If vectors are maxima of $\frac{a^T a}{a^T \Sigma^{-1} a}$, then they are eigenvectors of $\Sigma$.

Question

If vectors are maxima of $\frac{a^T a}{a^T \Sigma^{-1} a}$, then they are eigenvectors of $\Sigma$.

105 Views Asked by Bumbble Comm At 29 Apr 2026 - 9:50

Let $\Sigma \in M_q$ be symmetric and positive definite matrix. If vectors $a_1,\dots, a_q \in \mathbb R^q$ satisfy:

$(i)$ $$i \not = j \implies a_i^T a_j = 0$$ $(ii)$ $$\frac{a_1^T a_1}{a_1^T \Sigma^{-1} a_1} =\sup_{a \not = 0} \frac{a^T a}{a^T \Sigma^{-1} a} $$ $(iii)$ $$i \gt 1 \implies \frac{a_i^T a_i}{a_i^T \Sigma^{-1} a_i} = \sup\left\{ \frac{a^T a}{a^T \Sigma^{-1} a} : a \not = 0, a^T a_j = 0, j=1,\dots, i-1 \right\}$$ then $a_1,\dots, a_q$ are eigenvectors of $\Sigma$.

I am stuck trying to prove this claim. The text gives the hint to use induction, but I am not sure how to proceed. The claim is part of the proof that $a_1^T Y, \dots, a_q^T Y$ are main components of $Y$. Given this result, rest of the proof is simple.

Edit

Attempt: Let $A, \Lambda$ be the square matrices such that $$\Sigma A = A\Lambda, \quad A^T \Sigma^{-1} A = I$$ where $\Lambda = \text{diag}(\phi_1,\dots, \phi_q)$ has eigenvalues of $\Sigma$ in descending order. Let: $$F(a) = \frac{a^T a}{a^T \Sigma^{-1} a}.$$ Then $$R(c) := F(Ac) = \frac{c^T A^T A c}{c^T A^T \Sigma^{-1} A c} = \frac{c^T A^T\Sigma^{-1} \Sigma A c}{c^T c} = \frac{c^T A^T\Sigma^{-1} A \Lambda c}{c^T c} = \frac{c^T \Lambda c}{c^T c}.$$

It is clear that $a$ is supremum of $F$ is and only if $A^{-1}a$ is supremum of $R$. Let $c_i = A^{-1} a_i, i = 1,\dots q$. Then: $$a_i^T a_j = c_i^T A^T A c_j = c_i^T A^T \Sigma^{-1}\Sigma A c_j =c_i^T A^T \Sigma^{-1} A \Lambda c_j = c_i^T \Lambda c_j.$$

Therefore the $c_1,\dots, c_q$ satisfy:

$(i')$ $$i \not = j \implies c_i^T \Lambda c_j = 0$$ $(ii')$ $$\frac{c_1^T \Lambda c_1}{c_1^T c_1} =\sup_{c \not = 0} \frac{c^T \Lambda c}{c^T c} $$ $(iii')$ $$i \gt 1 \implies \frac{c_i^T \Lambda c_i}{c_i^T c_i} = \sup\left\{ \frac{c_i^T \Lambda c_i}{c_i^T c_i} : c \not = 0, c^T \Lambda c_j = 0, j=1,\dots, i-1 \right\}$$

which seem somewhat simpler since $\Lambda$ is diagonal, but i am still unsure how to proceed.

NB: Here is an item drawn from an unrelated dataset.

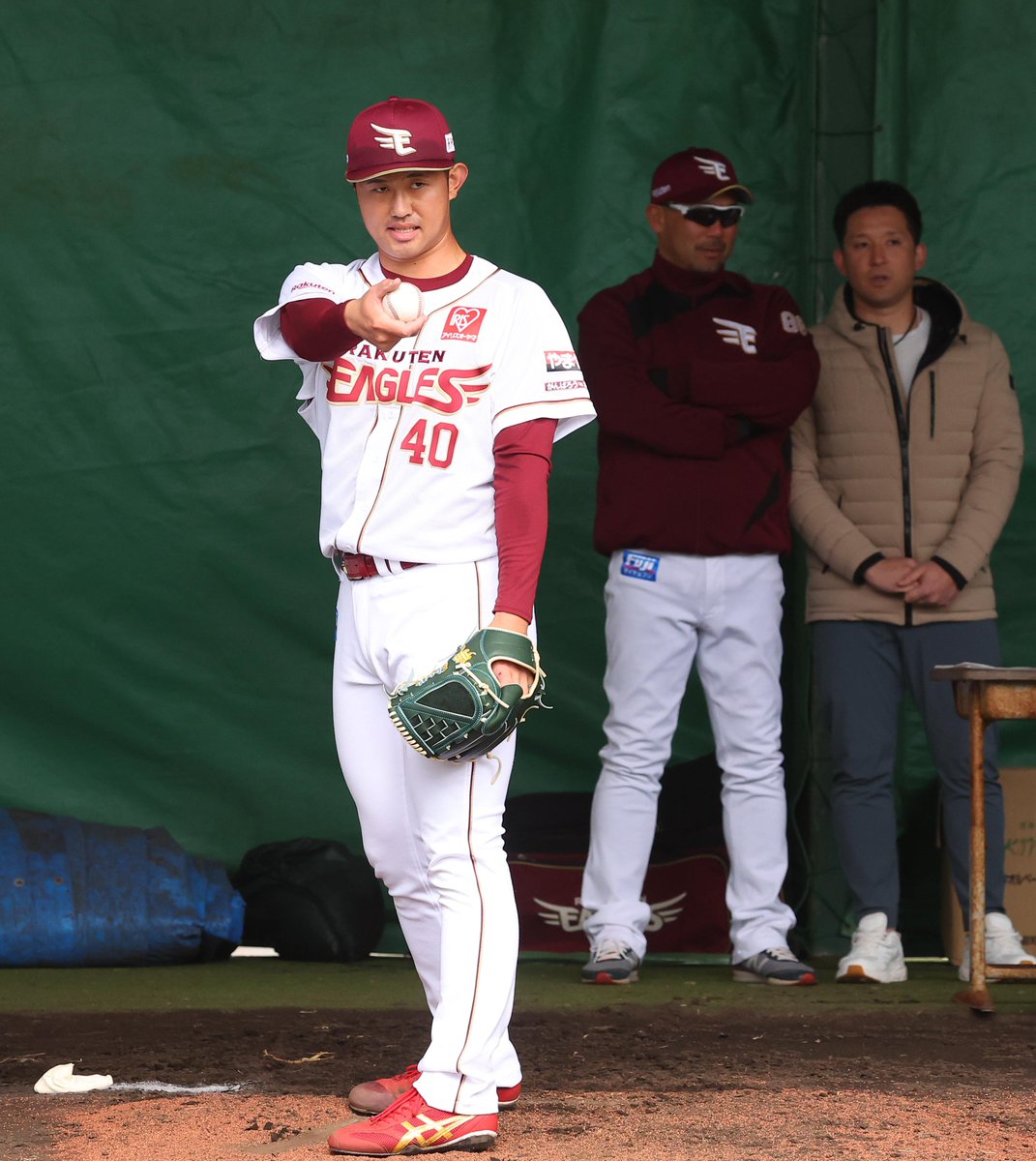 Sanspo_EAGLES's tweet photo. 【春季キャンプ】4日、三木肇監督、杉谷拳士氏が見守るなかブルペンで投げ込む江原雅裕投手。（撮影・中井誠）https://t.co/9Qx1Q9mpNq https://t.co/yIl3xycWrf #サンスポ #江原雅裕 https://t.co/EyGfCauoT9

Attempt 2. Thanks to Mason's answer i feel i am closer to the solution: $$\frac{\partial F}{\partial a}(a) = \frac{2a \cdot (a^T \Sigma^{-1} a)-2\Sigma^{-1} a (a^T a)}{(a^T \Sigma^{-1}a)^2} = 0 \implies \Sigma^{-1}a = \frac{a^T\Sigma^{-1}a}{a^Ta} a$$ which implies every critial value of $F$ must be eigenvalue, and that $a_1$ is the eigenvector.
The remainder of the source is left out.